Later that day, they took me and my wife to see the dead baby. It was the most traumatic moment in my life! I cried from the bottom of my heart: I cried for all the lost dreams, I cried for all the special moments that would be lost forever between me and my son, I cried for the perfectly sculpted boy with no heart beat, whom I loved but never knew.
I never knew how that day would impact my life for the next couple of months:
- How differently I would look at other fathers playing with their baby sons
- Dealing with the grieving process (or not dealing with it-even worse)
- How difficult it would be to cope with the loss: a part of your own identity has died with the child.
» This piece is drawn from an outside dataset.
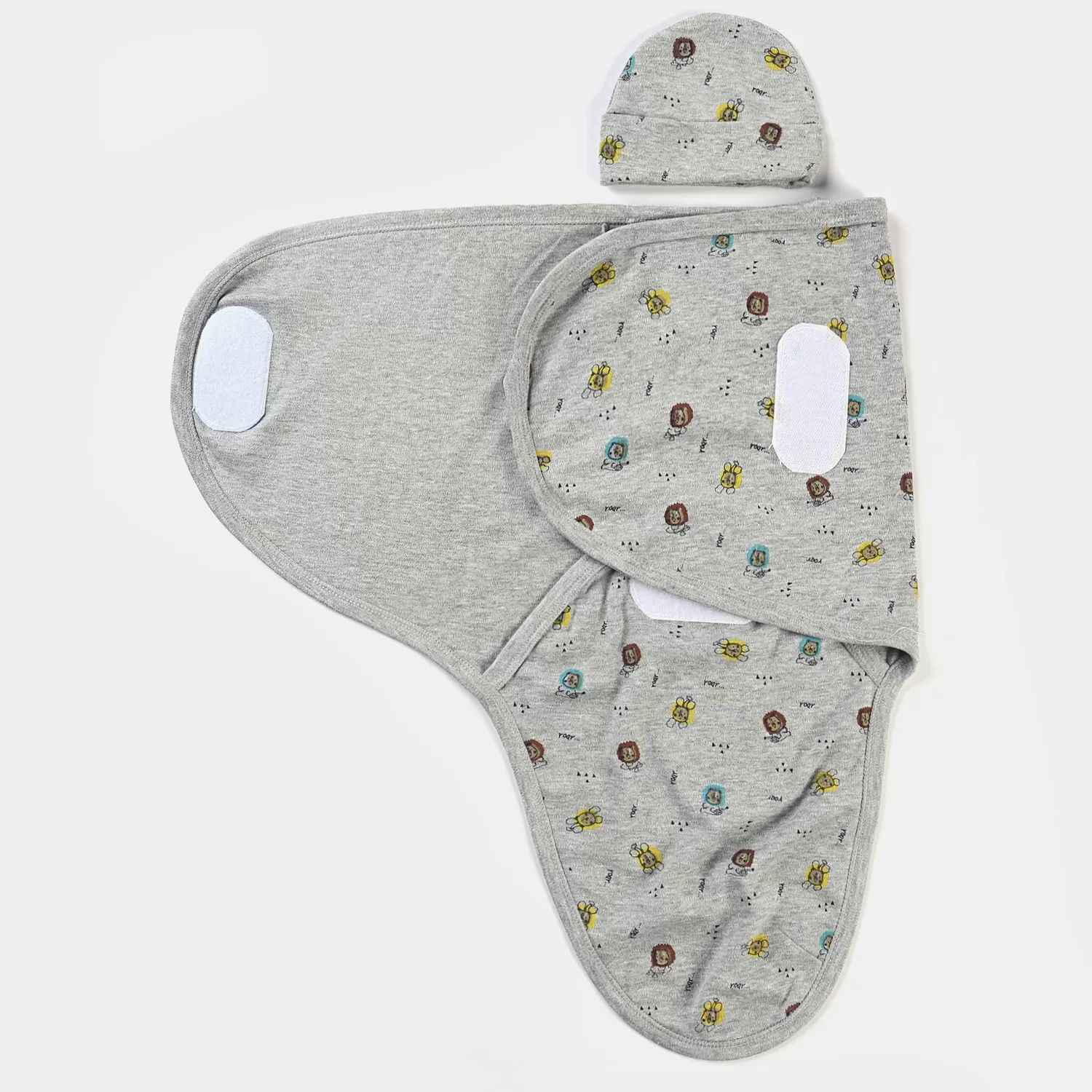 Baby Swaddle With Cap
- Dealing with my grieving wife and the huge impact on our marriage
- Finding my wife in the middle of the night; crying over the dead baby's photos
- Facing our best friends,that was pregnant with their son at the same time
- Facing people that was greatly unsensitive towards us and what we were going through
- How long it would take to get over the loss (and is still taking)
So what can this story mean for you, my dear blogger? Is there any lessons to be learnt?
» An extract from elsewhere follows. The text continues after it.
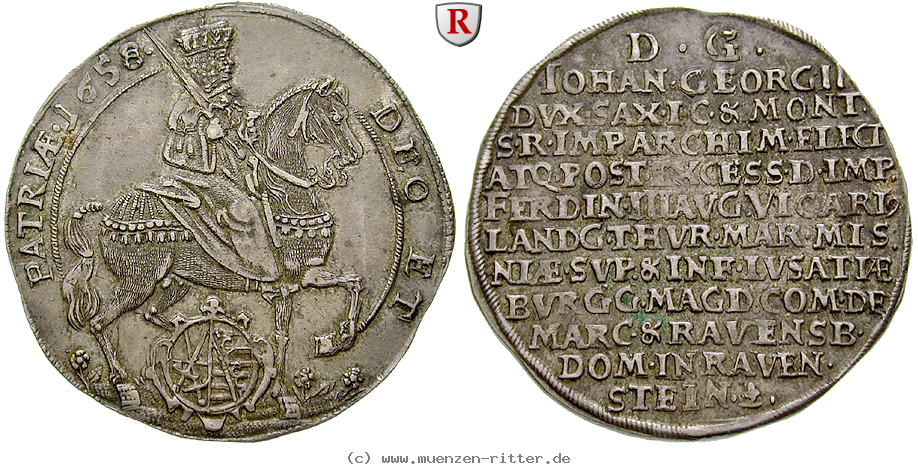 Klicken Sie auf das Bild um es auf Ihrem Rechner zu speichern sachsen-johann-georg-ii-1-2-reichstaler/75567.jpg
Yes I think so, firstly that if you read the above story there must be some kind of new appreciation for life and that birth to a new born baby is not a given. Life can be taken away from you at any given time and we should live life to the fullest every day! Parents, appreciate your children and see them as life's biggest blessing!
Secondly, I think nobody actually knows how to deal with parents who had such a traumatic lose, like a death of child. So just a few pointers:
- Do not try and be smart and think you know what they are going through, because you don't!
- Sympathize: In most cases these parents would like to talk about their lose and it is good for the grieving process. Listening is your main job!
- If it is good friends of yours or close family: Phone or visit them regularly, long after the event. Ask them how are they coping?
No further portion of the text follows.